Ja byłam również na tym filmie i dziewczyny - robi wrażenie! Dawka mocnej muzyki i do tego świetne sceny z koncertu. Chciałabym tam być na żywo! Sama fabuła również interesująca, chociaż ja tam poszłam ze względu na muzykę (i na mojego mężczyznę :-D)
W weekend o nim usłyszałam i nie było opcji, zeby nie pójść... Zespół legenda jedno, a cąłkowicie nowatorski pomysł na musical drugie, co mnie przekonało do natychmiastowej decyzji :P Nie żałuję!

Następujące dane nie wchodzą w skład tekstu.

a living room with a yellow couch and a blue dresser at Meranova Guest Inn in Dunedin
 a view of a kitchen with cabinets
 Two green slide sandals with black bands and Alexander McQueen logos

To a propo mocnego grania, to niedawno StarsTV zrobili niezłą niespodziankę dla wszystkich fanów rocka i przedłużyli Best Rock o godzinę. Oczywiście Metalliki tam też sporo.
azymut -wiem, to wciąż już cisza nocna, ale zawsze lepiej. Best Rock rządzi. :D
Melduję się.
Moje ulubione to rock alternatywny, progresywny, metal trochę też.
Moi faworyci to U2, Kasabian, Rush, Porcupine Tree, Metallica itd.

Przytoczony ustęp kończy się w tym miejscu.